Starting in the 1990s, thanks to the visionary commitment to higher education by Kumeyaay Elder Hank Murphy and his wife Shirley Apple Murphy (Oglala Lakota) a D-Q University satellite campus was established on the Sycuan Reservation, which was the home of the Sycuan Band of the Kumeyaay Nation. A number of courses were offered at that time, including Yuman philosophy, Kumeyaay Bird Songs, English as a Second Language, Math, Fire Sciences for the Sycuan Fire Department, and of course the Kumeyaay language.

As a result of a Bureau of Indian Affairs technicality involving an American Indian-to-Chicano student ratio, and financial issues, the Bureau of Indian Affairs pulled the funding base away from D-Q University and by 2005 it had shut down. However, there is a new D-Q University Board of Trustees, and there are efforts to reestablish D-Q University as a viable institution.

When D-Q University fell into disarray for a lack of funding, plans were underway at Sycuan to start a Kumeyaay College. The possibility of a Kumeyaay College was envisioned for decades by Florence Shipek, Ph.D., an ethnohistorian who worked closely with the Kumeyaay and Luiseno nations for many decades. She foresaw the possibility of bequeathing her life's work to the Kumeyaay Nation and she sent letters to all the Kumeyaay tribal chairmen expressing the need for a Kumeyaay college that would promote the revitalization of Kumeyaay language, culture, and philosophy.

Given that Sycuan was the only place in the Kumeyaay territory that had been offering college classes, it was understood that the Shipek Collection would end up at Sycuan. However, in order to fulfill the wishes of Dr. Shipek, a Kumeyaay College had to be established as a condition of the Kumeyaay Nation receiving the Shipek Archives Collection. A Sycuan Tribal Council Resolution for Kumeyaay Community College was passed in 2004, which led to the founding of the Kumeyaay Community College and the establishment of the Kumeyaay Community College Board of Trustees that same year. The transfer of the Shipek Collection occurred in 2005, and today it forms the basis of the Kumeyaay Community College Library and Archives.

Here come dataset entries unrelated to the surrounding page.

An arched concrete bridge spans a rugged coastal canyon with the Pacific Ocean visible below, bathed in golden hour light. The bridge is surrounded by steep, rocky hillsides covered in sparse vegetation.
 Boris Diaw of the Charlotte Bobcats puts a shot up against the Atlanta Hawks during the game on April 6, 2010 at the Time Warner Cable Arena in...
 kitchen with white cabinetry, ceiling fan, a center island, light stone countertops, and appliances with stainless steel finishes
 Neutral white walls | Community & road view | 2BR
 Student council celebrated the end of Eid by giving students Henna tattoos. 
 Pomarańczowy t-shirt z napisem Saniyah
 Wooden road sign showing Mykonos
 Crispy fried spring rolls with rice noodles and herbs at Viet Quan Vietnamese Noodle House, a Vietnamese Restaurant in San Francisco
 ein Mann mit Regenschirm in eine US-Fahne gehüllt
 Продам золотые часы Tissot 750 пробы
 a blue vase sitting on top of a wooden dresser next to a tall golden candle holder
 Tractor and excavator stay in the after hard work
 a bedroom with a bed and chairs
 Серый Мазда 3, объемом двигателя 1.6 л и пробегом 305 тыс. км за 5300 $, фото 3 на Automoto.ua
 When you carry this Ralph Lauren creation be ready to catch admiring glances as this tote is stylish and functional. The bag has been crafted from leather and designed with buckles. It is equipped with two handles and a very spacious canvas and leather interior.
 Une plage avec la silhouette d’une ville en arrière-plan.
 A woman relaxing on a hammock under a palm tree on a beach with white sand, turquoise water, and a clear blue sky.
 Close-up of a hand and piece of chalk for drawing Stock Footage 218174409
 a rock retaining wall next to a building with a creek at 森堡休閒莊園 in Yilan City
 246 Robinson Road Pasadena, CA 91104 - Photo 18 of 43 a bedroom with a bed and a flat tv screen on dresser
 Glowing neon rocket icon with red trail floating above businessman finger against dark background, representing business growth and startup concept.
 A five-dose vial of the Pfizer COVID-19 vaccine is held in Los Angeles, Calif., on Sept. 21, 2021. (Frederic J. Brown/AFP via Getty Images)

Kumeyaay Community College has board members from eight Reservations of the Kumeyaay Nation. In 2006, Kumeyaay Community College added additional courses, and with a partnership with Cuyamaca College had established a Kumeyaay Studies Certificate. Recently a new Kumeyaay Studies Degree is being offered through the partnership with Cuyamaca College.

== Academics ==

The Associate in Arts in Kumeyaay Studies is offered through Cuyamaca College and is designed to provide an understanding of Kumeyaay history, culture and heritage. It is a multi-disciplinary degree, drawing from the sciences, humanities, world languages and history departments. Through coursework that encompasses on-site learning experiences, students will learn about the Kumeyaay Nation of San Diego's East County region.

The required courses include Ethnoecology/Ethnobotany with a lab course, Kumeyaay History (Precontact-1900, and 1900–Present), Kumeyaay Arts & Culture, and two Kumeyaay Language courses.

=== Certificate of Specialization ===

Students who complete the requirements below qualify for a Certificate in Kumeyaay Studies. An official request must be filed with the Admissions and Records Office prior to the deadline as stated in the Academic Calendar. Upon successful completion of this program, students will be able to:
• Communicate in the Kumeyaay language at a basic level in a variety of settings.
• Acquire an understanding of Kumeyaay heritage, history, society and traditions.
• Gain sensitivity, globalism and cultural competence of a unique group of people.